HATİCE TÜRKAN’A VERİLEN ÖDÜLE İTİRAZIMIZ VAR

02-10-2017

Batman Sonsöz Gazetesi farklılıklar açısından rengarenk bir mozaiğe benzer  

Yazı ve haber kadrosu sadece düşüncel değil,  kadın-erkek eşitliği,  yaş farkı gibi daha birçok özelliği içinde barındırıyor.

Bu çoğulculuğu esas alan anlayış, beni bu gazete bağlayan en önemli unsurdur.

Yoksa kesinlikle Gazetenin Genel Yayın Yönetmeni Hatice Türkan’ın egosu, kaprisi ve nazı, çekilecek gibi değildir.

Gazetenin Patronu Ercan Atay dâhil, biz basın emekçilerine Hatice Türkan’ın neler çektirdiğini bir biz, bir de Allah bilir.

Akşama kadar koşuşturan muhabirlerin ya yazdığı haberleri ya da haber için getirdikleri görselleri mutlaka eleştirir.

Muhabirleri haftanın 7 günü, sabah 8 akşam 8 saatleri arasında çalıştırır.

Biz yazarların yazısına istediği gibi sansür uygular, bu yetmiyormuş gibi yazıyı akşamdan gönderdiğimizde vay sen misin yazıyı erken yazan?

Yazıyı öğlenden sonra gönderdiğimizde bu sefer de vay sen misin yazıyı geç gönderen?

Her gün, her gün azarlıyor bizi.

Öyle ki yazı yazdığımıza bizi pişman ediyor.

Sonsöz Gazetesinde yıllarca nasıl hala devam ettiğimize şaşıyorum.

Çünkü çalışma koşulları dayanılacak gibi değil.

Hep “sabredelim” diyoruz.

Ancak sabrımız bile yoruldu.

Patrona şikâyet ediyoruz.

Patron da bizim gibi mağdur.

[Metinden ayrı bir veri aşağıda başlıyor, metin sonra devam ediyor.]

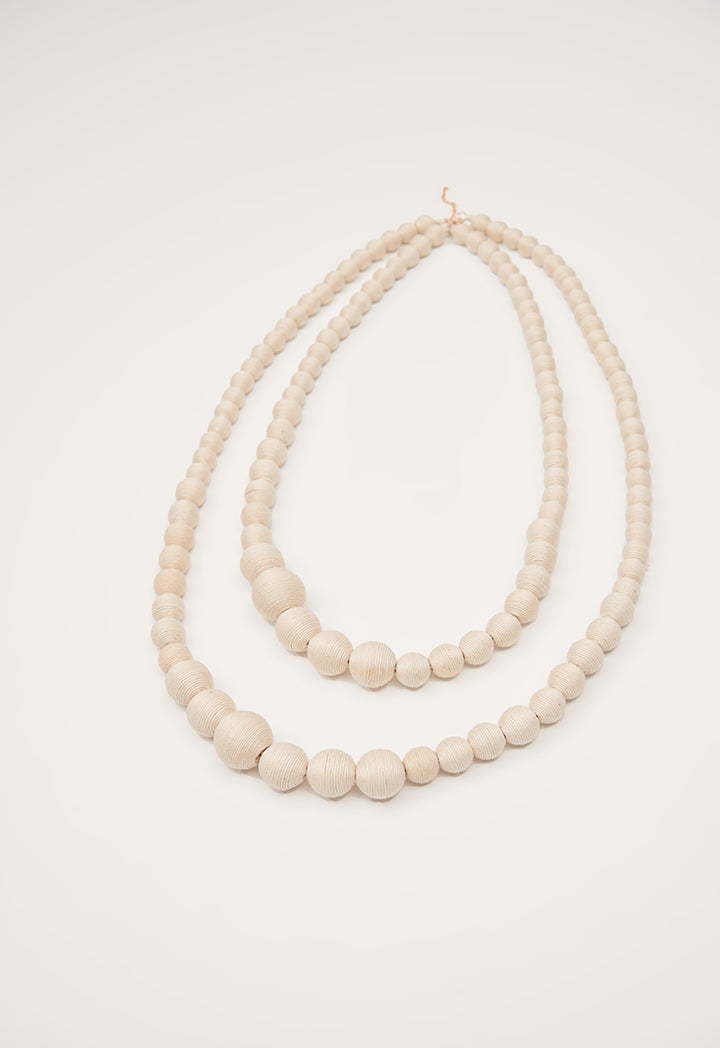 Choice Two Layer Round Pearl Necklace White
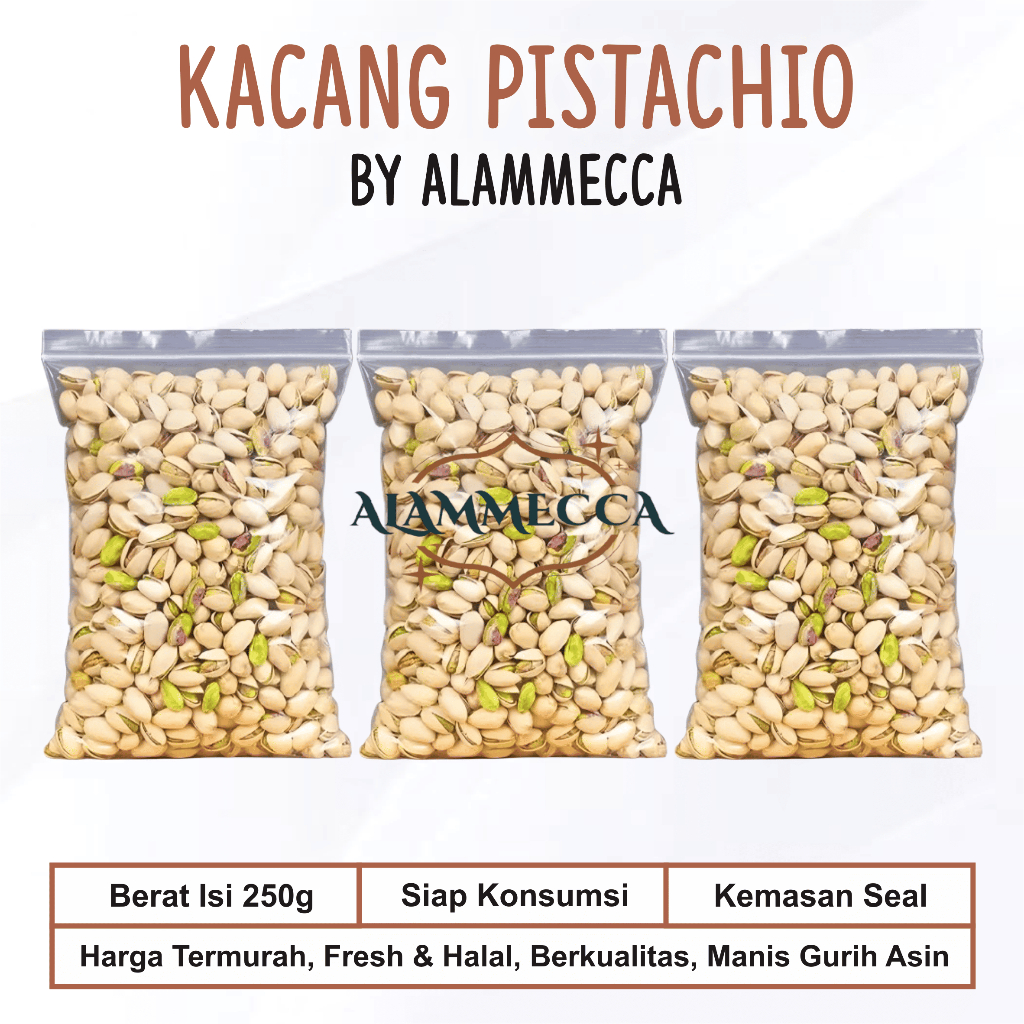

Jajan Lebaran Murah, Kacang Pistachio 250g By Alammecca, Fresh Halal Berkualitas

O da Hatice Türkan’ı kime şikâyet edeceğini bilmiyor.

Sonra kafa kafaya verip derdimizi bildireceğimiz bir muhatap konusunda anlamıştık, üyesi olduğumuz en etkin meslek örgütü Gazeteciler Cemiyetine kendisin şikâyet edecektik.

Kaderin cilvesi buna derler.

Güneydoğu Gazeteciler Cemiyeti (GGC), kendisini başarılarından dolayı ödüle layık görmez mi?

Başka bir gazetede arkadaşlarından biri ödül alsa herkes sevinir, arkadaşını tebrik eder.

Bizde ise Hatice Türkan’ın ödül haberini duyunca hepimiz şoka girdik adeta.

Çünkü böylesi saygın bir cemiyetin ödülünü almak öyle kolay değildi.  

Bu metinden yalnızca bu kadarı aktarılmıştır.